By Earle Gale in London | China Daily Global | Updated: 2019-02-21 02:27

Former British Conservative Party MPs Heidi Allen, Anna Soubry and Sarah Wollaston arrive at a news conference in London, Britain February 20, 2019. [Photo/Agencies]

Three Conservative Party members of Parliament have defected and joined the Independent Group that was founded this week by seven disaffected Labour Party MPs.

The three new recruits to the pro-European Union faction – Anna Soubry, Sarah Wollaston, and Heidi Allen – said in an open letter to the prime minister on Wednesday that they jumped ship because the ruling Conservative Party had drifted too far to the right, and that it had become dominated by anti-EU sentiment.

"We no longer feel we can remain in the party of a government whose policies and priorities are so firmly in the grip of the ERG and DUP," the trio wrote, in reference to the hardline anti-EU component of the Conservative Party known as the European Research Group, or ERG, and the Democratic Unionist Party, a small political party that has formed a loose coalition with the Conservatives and that holds great sway over the government.

"Brexit has re-defined the Conservative Party – undoing all the efforts to modernize it," they wrote. "There has been a dismal failure to stand up to the hardline ERG, which operates openly as a party within a party."

The BBC reported that Theresa May said she was "saddened" by the departures. The prime minister insisted the Conservatives would "always offer ... decent, moderate and patriotic politics" and said withdrawing from the EU had been "a source of disagreement both in our party and our country for a long time". She said "ending that membership after four decades was never going to be easy".

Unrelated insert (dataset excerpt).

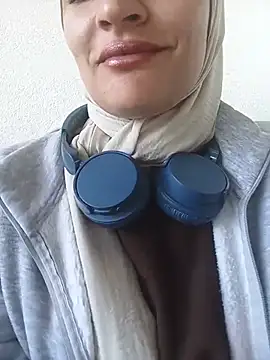 MisyonerNur - Dışarıda göğüslerini aç 😅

On Tuesday evening, Labour Party MP Joan Ryan also defected to the Independent Group, saying she was disillusioned with Labour's inability to oppose Brexit and its failure to tackle anti-Semitism in the party.

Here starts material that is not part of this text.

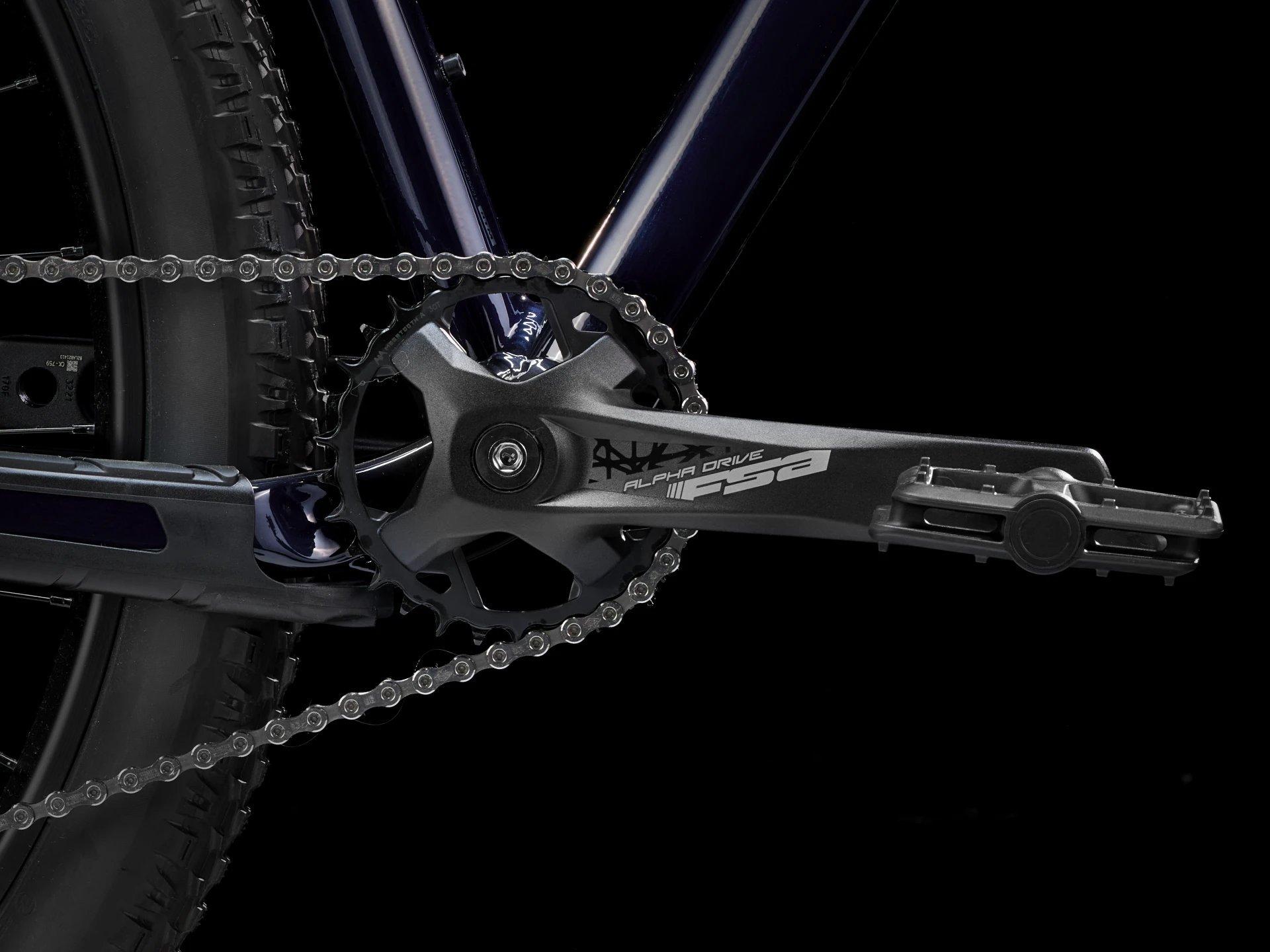 Marlin 6 - Gen 3 Mountain Bike - Rage Red to Deep Dark Blue Fade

The three former Conservative Party MPs said they will sit in Parliament as independents, like the eight MPs who have quit Labour. The Independent Group is not yet an official political party but Chuka Umunna, one of its de facto leaders, told the Guardian newspaper he hopes the grouping will become a party by the end of the year.

Members of the Independent Group have expressed support for the United Kingdom remaining a member of the EU, and would like a second referendum on the issue.

The departure of the three MPs from the Conservative Party leaves May with an even slimmer Commons majority than she had before and means she will find it harder to win support for her much-criticized Brexit divorce deal.